There are bright spots in the baby-toddler nutrition world. Long dominated by the tiny glass jars of Gerber and Beech-Nut, entrepreneurs are launching healthier brands in convenient pouches and in the refrigerated aisle of the grocery store.

Neurosurgeon Teresa Purzner recently launched baby food company Cerebelly, with $6.7 million in funding to support a line aimed at brain development. Angela Sutherland and Evelyn Rusli launched Yumi organic baby foods in the Los Angeles area in 2017, a subscription service that mails customers tiny jars of “baby borscht” and parfaits of mango buckwheat pudding. And Serenity and Joe Carr, paleo-diet proponents, started Serenity Kids in 2016, a line of meat-forward, higher-fat baby foods available in 3.5-ounce pouches at Whole Foods for $3.99.

Most of these newcomers are significantly more expensive than Gerber and Beech-Nut, putting them out of reach for low-income parents. And WIC, which feeds about half of the 4 million babies born in the United States each year, has not approved pouches, sticking with more established shelf-stable glass jars that are often anchored by sugary fruit purees.

The government does not have guidelines for daily sugar limits for children under 2. But for children between 2 and 18, a limit of 25 grams of sugar is recommended. In a recent analysis of 469 conventional baby foods in the United States, 35% contained more than 10 grams of sugar in a 4-ounce, single-serve jar or pouch. As a point of comparison, a regular-sized Snickers bar has 20 grams of sugar.

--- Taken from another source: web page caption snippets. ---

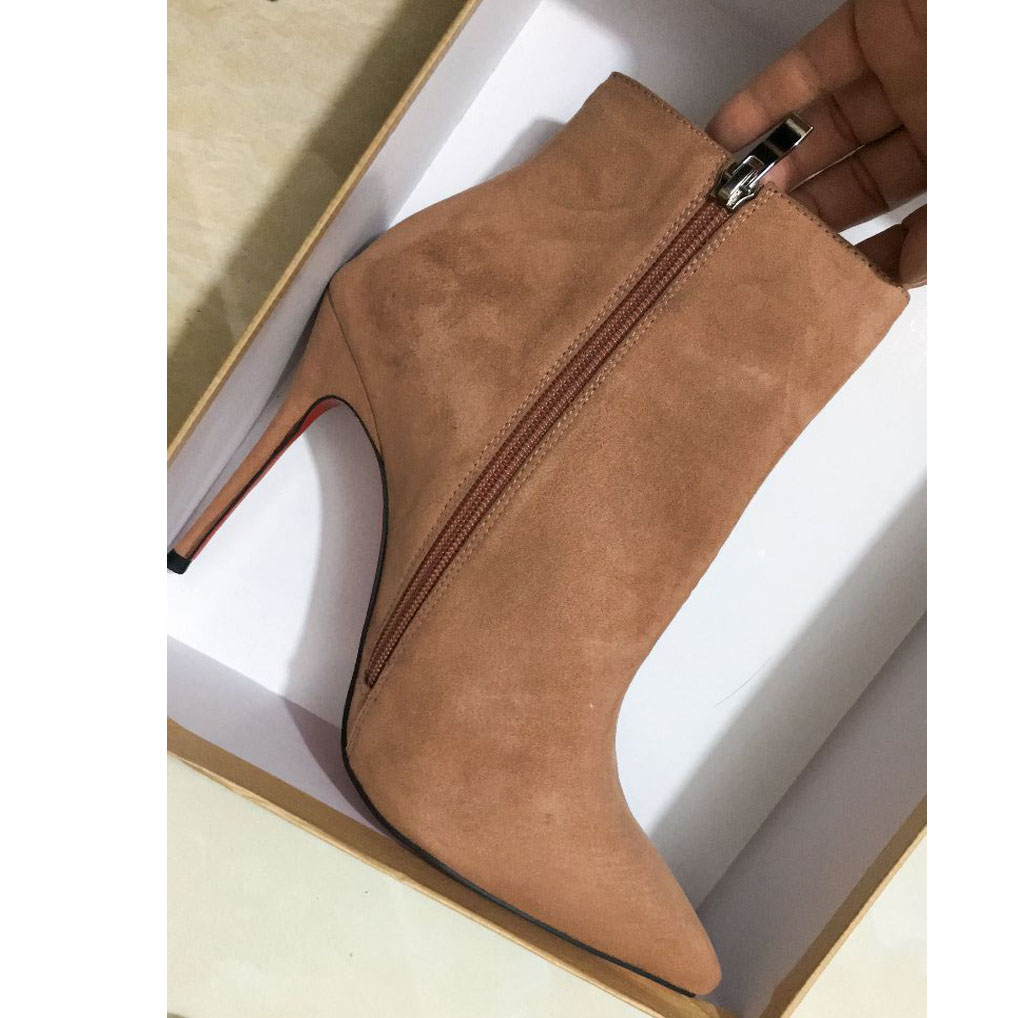 Winter Fashion Lady Red Bottom ankle Boot Eleonor Botta shorts Boot Women Suede Leather High Heels winter Boots EU35-43,With Box, 10
Winter Fashion Lady Red Bottom ankle Boot Eleonor Botta shorts Boot Women Suede Leather High Heels winter Boots EU35-43,With Box, 10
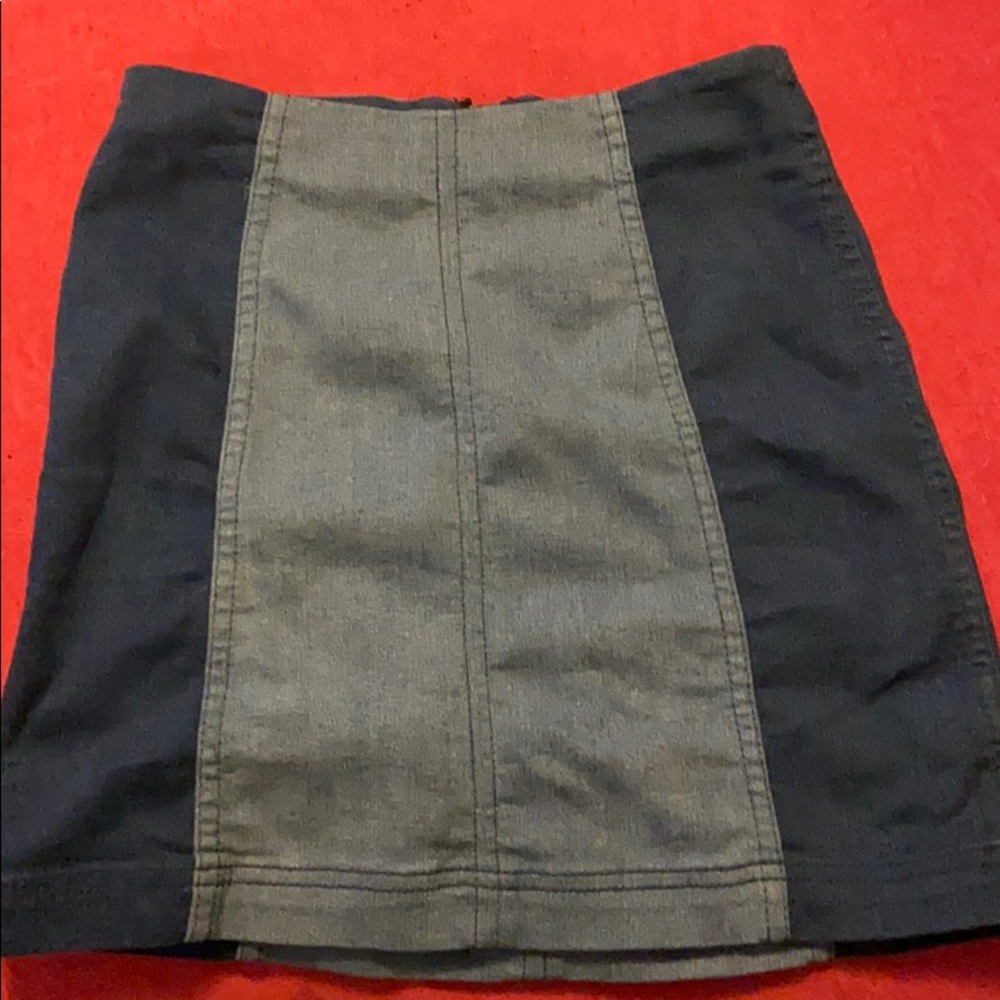 Free people Jean skirt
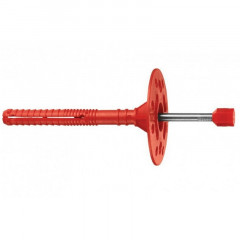 Дюбель для теплоизоляции 10х100мм, металлический гвоздь с термоголовкой, 1 шт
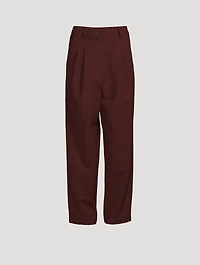 Pleated Wide-Leg Trousers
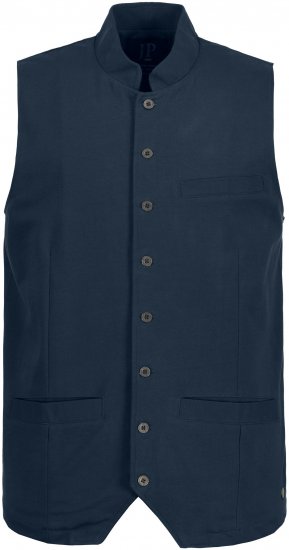 JP1880 Mottled Stretch Knit Stand-up Collar Vest Navy Blue - Jakne - Muške Jakne Veliki Brojevi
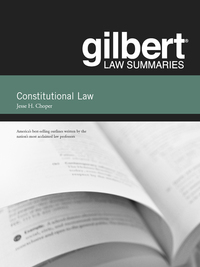 Cover image: Gilbert Law Summaries on Constitutional Law 31st edition 9780314276179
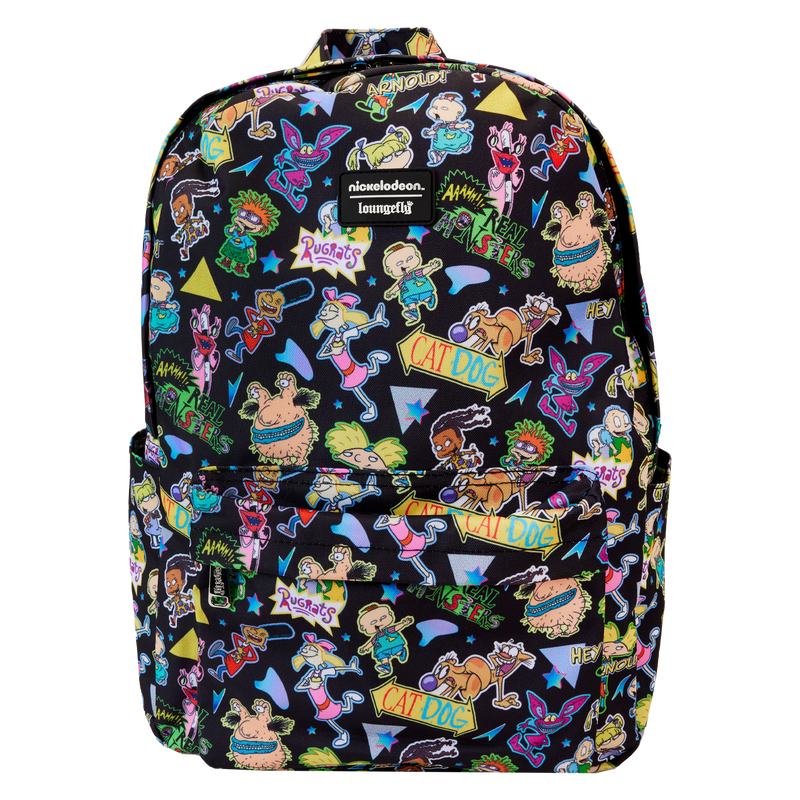 LOUNGEFLY Nickelodeon Retro Aop Full Size Nylon Backpack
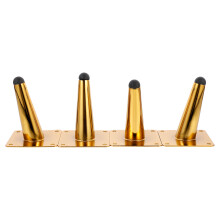 4pcs adjustable metal sofa legs for bathroom cabinet tea table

Rick Klauser, chief executive of vegetable-forward Sprout Foods, said major brands take advantage of government loopholes that don’t require fanciful nutrition and ingredient labeling on the front of packages to match up with the order of ingredients on the back.

“Consumers are already frustrated, they think they know what they are feeding their babies, but there’s a gap in my mind between what we’re telling people and what we’re feeding them,” he said.

Klauser said that cleaning up communication on labels is crucial for toddler food products, and that the return on investment will be seen in the reduction of health-care costs.

“By 18 months” he said, “a child’s nutrition journey is more or less forged.”